> _REQUIRED ACTION_
Looking at the listing below, retype exactly the lines starting at the one containing "İstanbul Tabip Odası'ndan" and ending at the one containing "Casa Individuala - 766mp", both included, and nothing else.
═════ STORED DATA ═════
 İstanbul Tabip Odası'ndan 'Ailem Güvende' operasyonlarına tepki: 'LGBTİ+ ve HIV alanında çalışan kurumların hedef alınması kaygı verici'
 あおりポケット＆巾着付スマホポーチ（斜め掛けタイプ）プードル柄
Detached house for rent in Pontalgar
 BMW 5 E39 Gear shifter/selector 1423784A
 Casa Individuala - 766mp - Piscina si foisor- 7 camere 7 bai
═════
═════ STORED DATA ═════
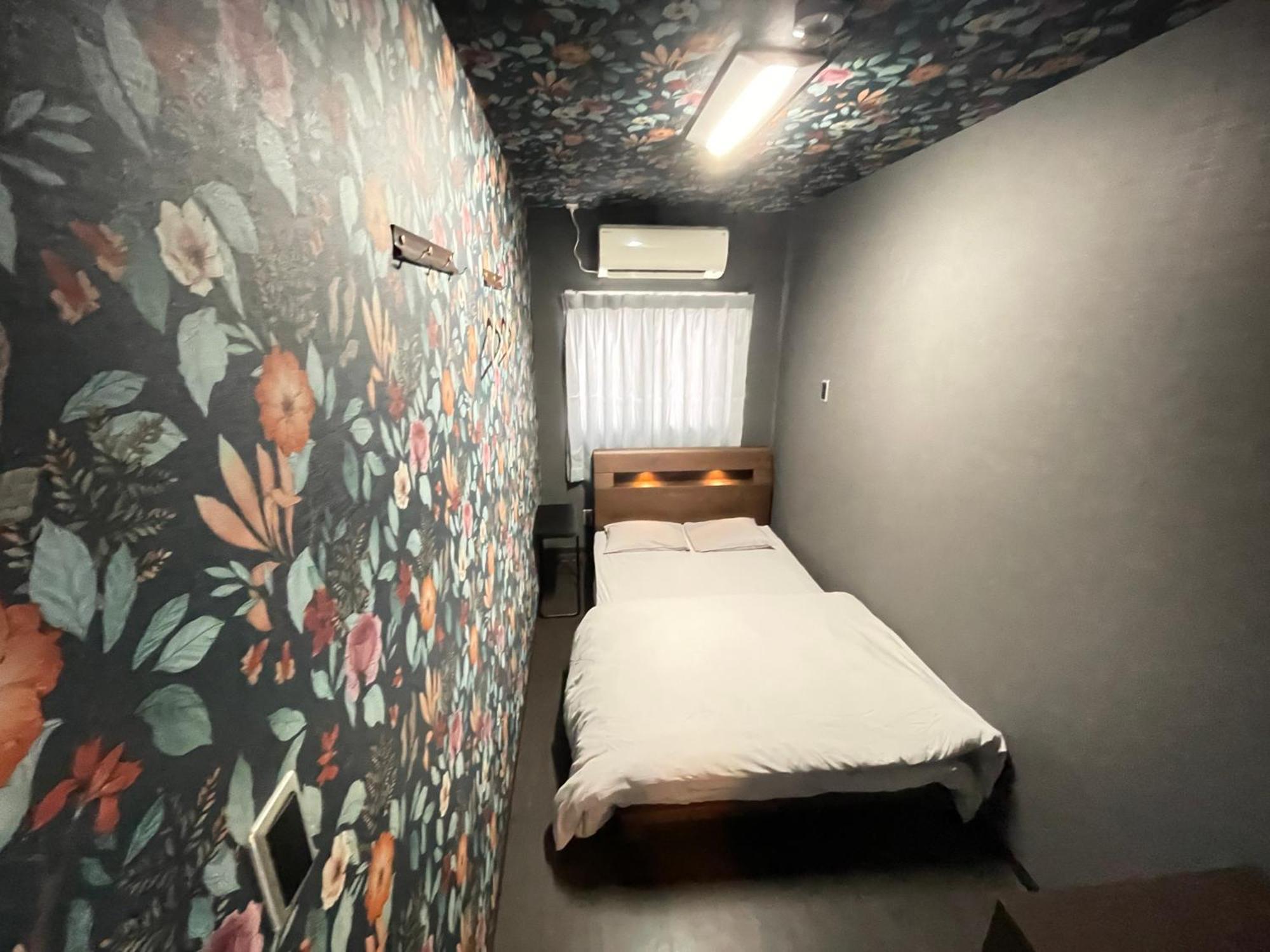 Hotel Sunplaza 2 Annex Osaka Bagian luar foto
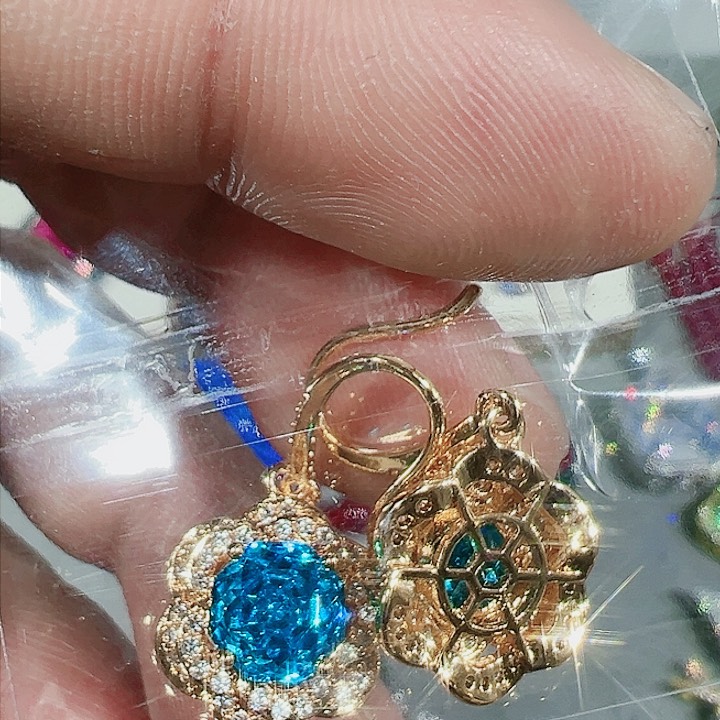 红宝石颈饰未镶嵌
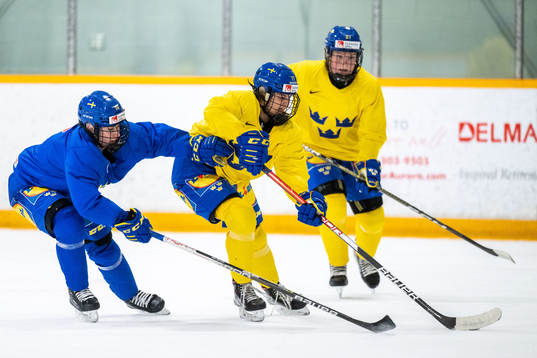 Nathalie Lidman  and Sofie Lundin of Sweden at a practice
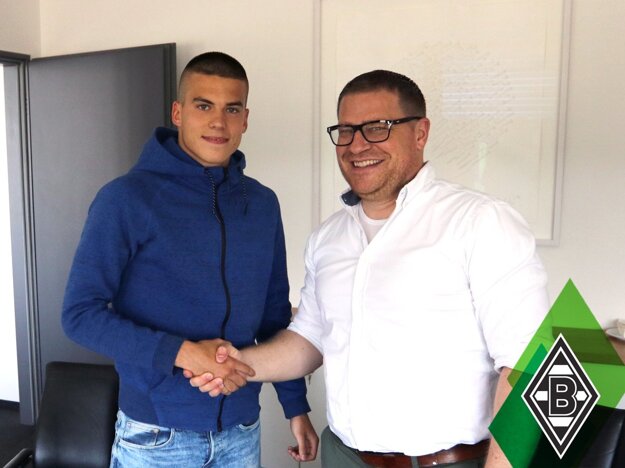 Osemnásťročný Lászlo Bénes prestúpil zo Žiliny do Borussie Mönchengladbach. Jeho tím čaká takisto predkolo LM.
═════
═════ STORED DATA ═════
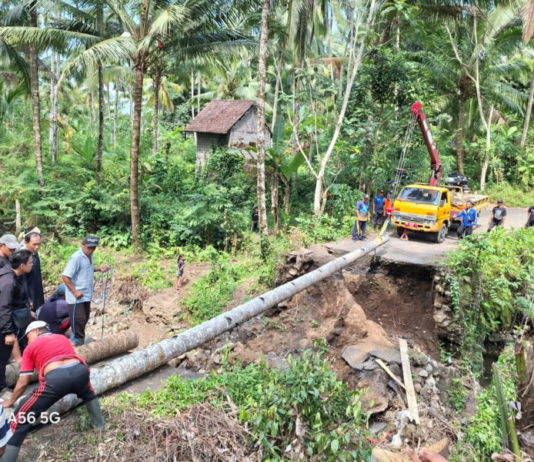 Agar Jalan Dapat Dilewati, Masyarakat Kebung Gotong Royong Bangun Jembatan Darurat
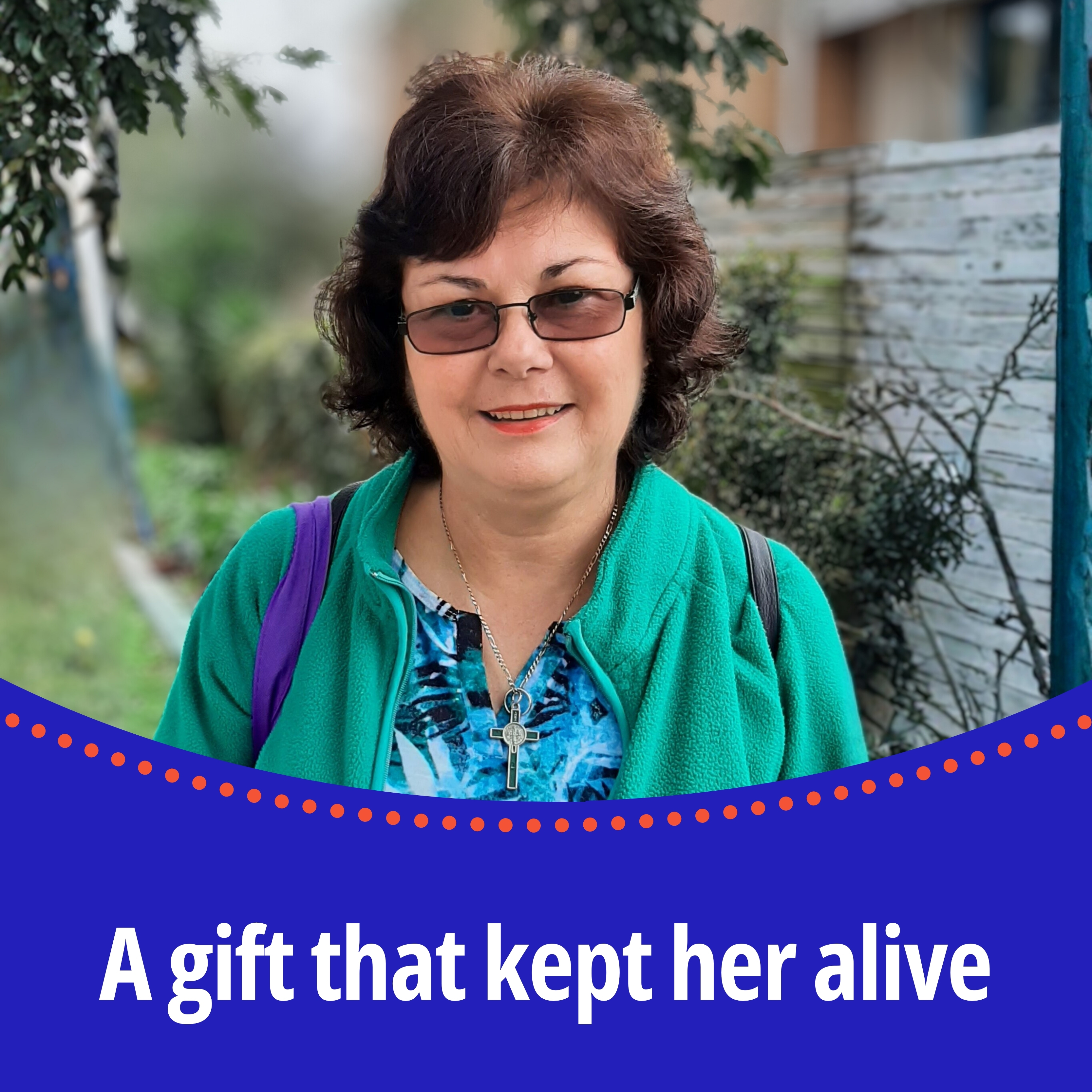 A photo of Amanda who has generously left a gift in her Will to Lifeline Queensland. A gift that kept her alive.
═════
> _SOLUTION FOR THIS PROBLEM_
 İstanbul Tabip Odası'ndan 'Ailem Güvende' operasyonlarına tepki: 'LGBTİ+ ve HIV alanında çalışan kurumların hedef alınması kaygı verici'
 あおりポケット＆巾着付スマホポーチ（斜め掛けタイプ）プードル柄
Detached house for rent in Pontalgar
 BMW 5 E39 Gear shifter/selector 1423784A
 Casa Individuala - 766mp - Piscina si foisor- 7 camere 7 bai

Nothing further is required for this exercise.